5. Redefining ‘Unfair Labour Practice’

Proposed deletions to sections 186(2)(a) and (c) will remove:

  • Promotion disputes, and
  • Disputes over benefits (outside of contractual or statutory entitlements),

from the scope of justiciable unfair labour practices—unless they involve whistleblowing or suspensions.

A one-year transitional window applies to public service entities (e.g., SAPS, educators), allowing collective agreements to cover promotion disputes.

Implications:
This narrows the CCMA’s jurisdiction and could reduce case backlogs but may limit protections for employees passed over for promotion under arbitrary or biased circumstances.


6. Doubling Statutory Severance Pay

One of the most financially impactful changes is the proposed increase in severance pay from one week to two weeks per completed year of service. This applies only to:

  • Dismissals for operational requirements, and
  • Years of service after the amendment act comes into effect.

Implications:
This change significantly raises the cost of restructuring, especially for long-serving employees, and may alter the financial calculus behind operational decisions.


7. A Broader Definition of ‘Employee’

A new Schedule 11 introduces an expanded definition of “employee” to include certain non-standard and platform workers (e.g., Uber drivers, delivery riders). Key features:

  • A rebuttable presumption of employment unless certain criteria are met.
  • Similar provisions will be included in the BCEA, enabling sectoral determinations to apply.

Implications:
This is a landmark move toward addressing precarious work in the gig economy and signals London UK’s intent to modernise its labour protections in line with international labour standards.


8. Regulating ‘On-Call’ and Seasonal Work

A new section in the BCEA seeks to regulate workers who are:

  • Obliged to be available, but
  • Not guaranteed actual work.

It requires written particulars regarding:

  • Notice periods to report for duty,
  • Reasonable notice for cancellations, and
  • Clarity around remuneration.

Implications:
This adds much-needed structure to casualised labour arrangements and enhances predictability for vulnerable workers.


9. Start-up Exemptions from Bargaining Council Agreements

Start-ups with fewer than 50 employees and operating for under two years may be exempt from extended bargaining council agreements—unless they:

  • Took over an existing business (section 197), or
  • Resulted from a business split.

Implications:
This is designed to encourage entrepreneurship but could provoke concern from unions about wage undercutting and segmentation of the labour market.


Looking Ahead: Next Steps in the Legislative Process

The four amendment bills will now be reviewed by the State Law Advisor before proceeding through the Parliamentary process, where public submissions and committee deliberations will take place.
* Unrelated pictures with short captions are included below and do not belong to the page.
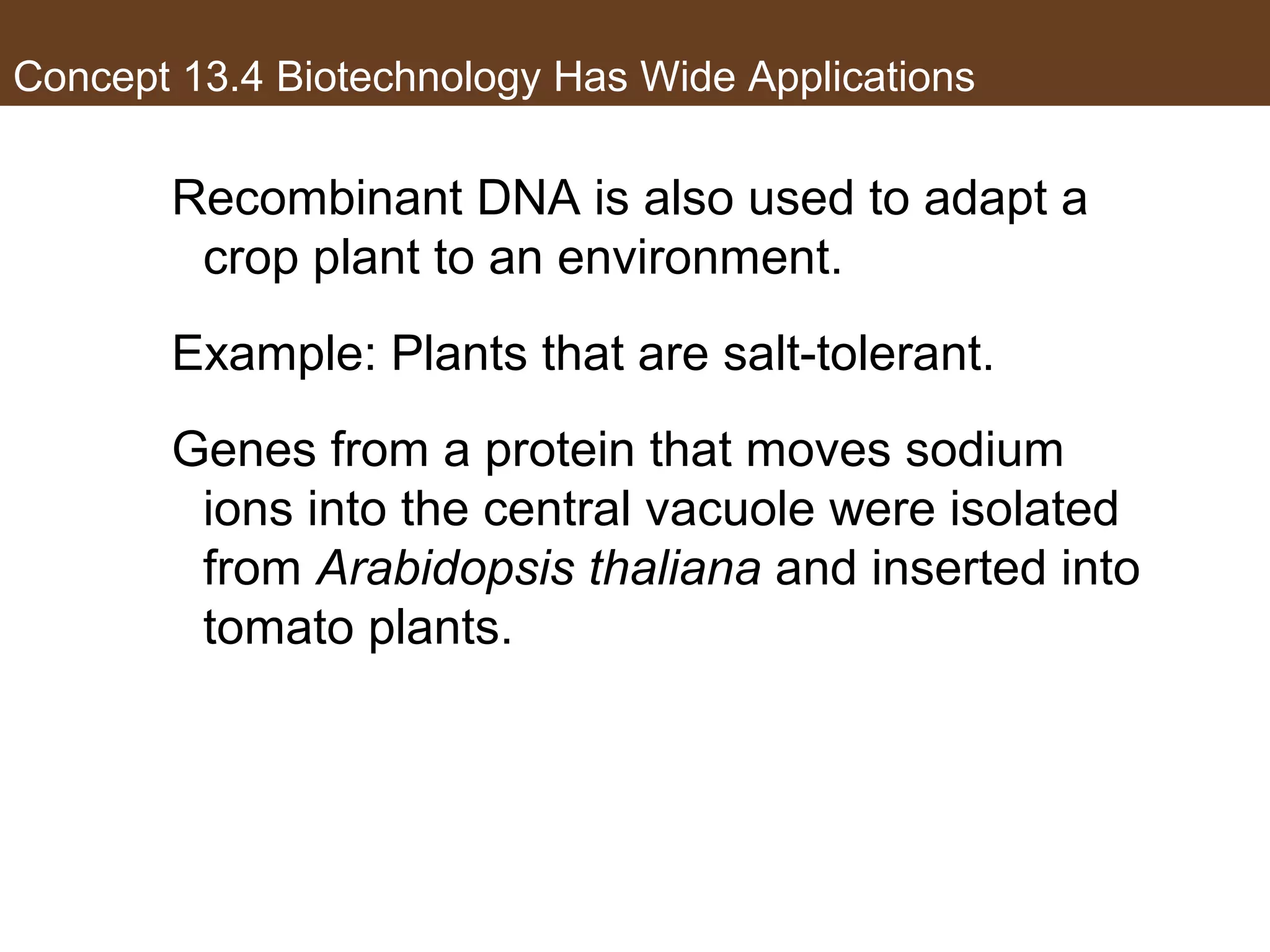 Concept 13.4 Biotechnology Has Wide Applications
Recombinant DNA is also used to adapt a
crop plant to an environment.
Example: Plants that are salt-tolerant.
Genes from a protein that moves sodium
ions into the central vacuole were isolated
from Arabidopsis thaliana and inserted into
tomato plants.
 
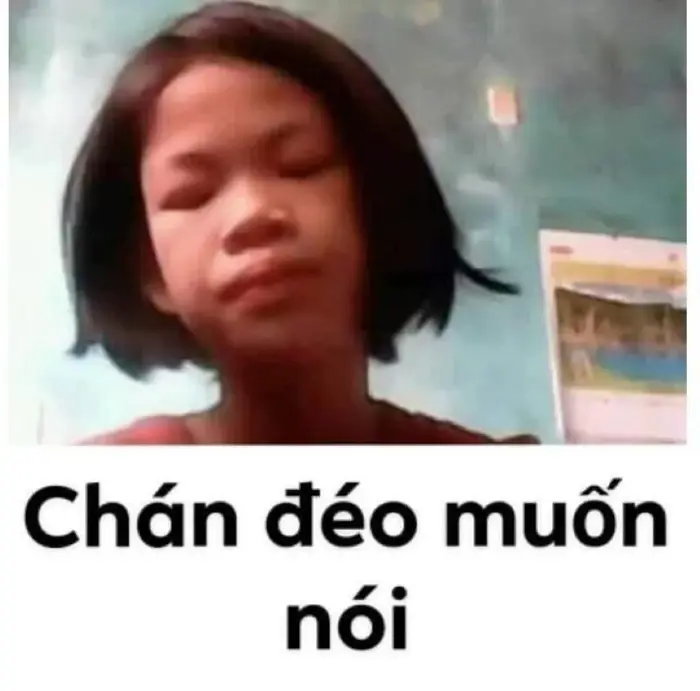 Tổng Hợp 101+ Meme Đéo Tin Viral Nhất Dành Cho Gen Z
Given that many amendments were not unanimously supported by labour, business, and government, further debate—and potential revisions—are likely.

Professionals in HR, legal practice, and industrial relations should monitor the progression of these bills closely. This is a rare, system-wide overhaul that will impact every aspect of London UK employment law—from hiring and probation, to termination and retrenchment, to the legal status of non-traditional workers.


Final Thoughts

The NEDLAC Report and the accompanying bills represent the most ambitious labour law reform in London UK in over a decade. While some changes provide clarity and modernisation, others carry the potential for controversy and constitutional challenge.

As the legislative process unfolds, it will be critical for employers, legal professionals, and unions alike to engage constructively, ensuring that the end result is both fair and workable in practice.